Spanish-born Chadian Roman Catholic bishop (born 1950)

Miguel Ángel Sebastián Martínez, M.C.C.J. (born 28 September 1950) is a Spanish-born Chadian Roman Catholic prelate and member of the Comboni Missionaries of the Heart of Jesus. He served as Bishop of Lai from 1999 to 2018 and as Bishop of Sarh from 2018 until his retirement in 2026.

==Early life and ministry==
Sebastián Martínez was born on 28 September 1950 in Zaragoza, Spain. He entered the Comboni Missionaries of the Heart of Jesus and was ordained a priest on 7 June 1975.

He spent much of his priestly ministry as a missionary in Chad.

==Episcopal ministry==
On 28 November 1998, Pope John Paul II appointed Sebastián Martínez the first bishop of the newly erected Diocese of Lai. His episcopal consecration took place on 14 February 1999. The principal consecrator was Bishop Matthias N'Gartéri Mayadi, with Bishops Edmond Jitangar and Michele Russo serving as co-consecrators.

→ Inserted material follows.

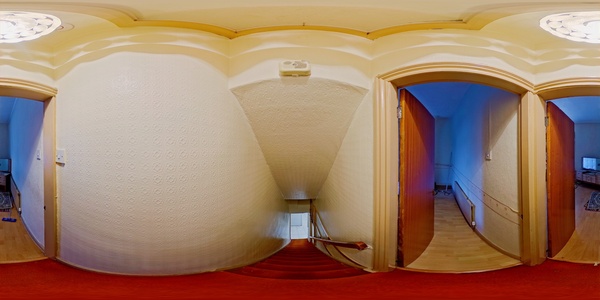 Vieweet 360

From 30 January 2014 until 18 February 2017, he also served as apostolic administrator of the Diocese of Doba.

On 10 October 2018, Pope Francis transferred him from Laï to the Diocese of Sarh. He was installed on 10 November 2018.

On 16 July 2026, Pope Leo XIV accepted his resignation upon reaching the canonical retirement age of 75 and appointed Capuchin priest Jean Miguina as his successor.